- [Brief]: With pictures left out, copy exactly every line from the one containing "Immagine 28 di" through the end of the material.

- [Data extract]:
--- --- ---
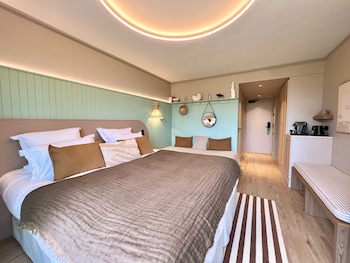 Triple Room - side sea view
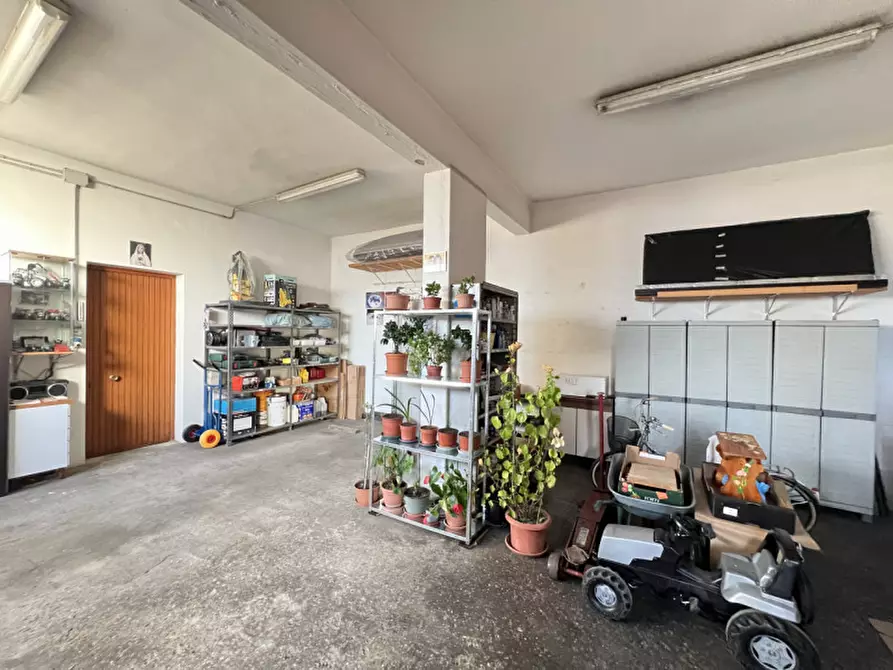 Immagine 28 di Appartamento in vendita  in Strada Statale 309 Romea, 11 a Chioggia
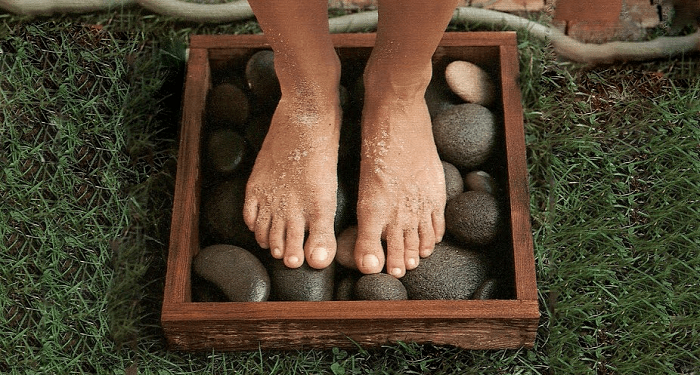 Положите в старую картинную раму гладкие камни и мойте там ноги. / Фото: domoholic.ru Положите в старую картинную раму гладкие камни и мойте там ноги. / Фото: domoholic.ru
--- --- ---
- [Problem solution]:
 Immagine 28 di Appartamento in vendita  in Strada Statale 309 Romea, 11 a Chioggia
 Положите в старую картинную раму гладкие камни и мойте там ноги. / Фото: domoholic.ru Положите в старую картинную раму гладкие камни и мойте там ноги. / Фото: domoholic.ru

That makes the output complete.